I have a simple table in mysql with the following fields:
id -- Primary key, int, autoincrement
name -- varchar(50)
description -- varchar(256)
Using MySQLdb, a python module, I want to insert a name and description into the table, and get back the id.
In pseudocode:
db = MySQLdb.connection(...)
queryString = "INSERT into tablename (name, description) VALUES" % (a_name, a_desc);"
db.execute(queryString);
newID = ???
I think it might be
newID = db.insert_id()
Edit by Original Poster
Turns out, in the version of MySQLdb that I am using (1.2.2)
You would do the following:
conn = MySQLdb(host...)
c = conn.cursor()
c.execute("INSERT INTO...")
newID = c.lastrowid
I am leaving this as the correct answer, since it got me pointed in the right direction.
I don't know if there's a MySQLdb specific API for this, but in general you can obtain the last inserted id by SELECTing LAST_INSERT_ID()

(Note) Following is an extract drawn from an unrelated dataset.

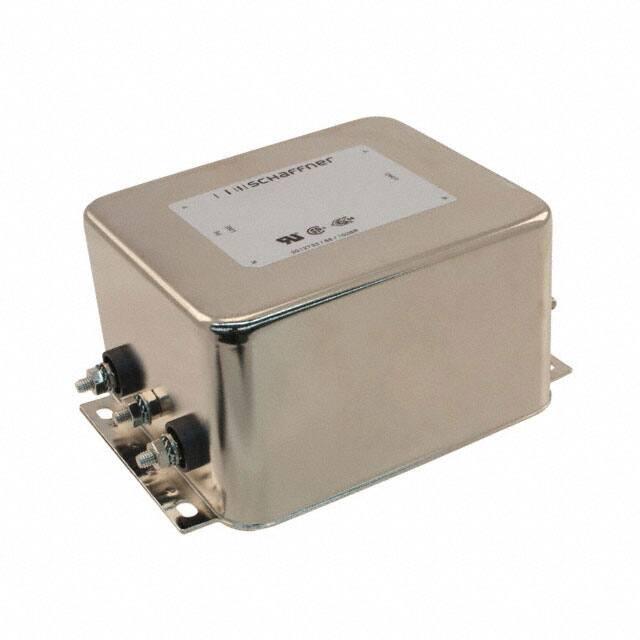 SCHAFFNER EMI滤波器 FN2060-30-08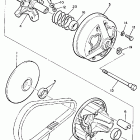 Bravo LT Вариатор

It is on a per-connection basis, so you don't risk race conditions if some other client performs an insert as well.
You could also do a
conn.insert_id
The easiest way of all is to wrap your insert with a select count query into a single stored procedure and call that in your code. You would pass in the parameters needed to the stored procedure and it would then select your row count.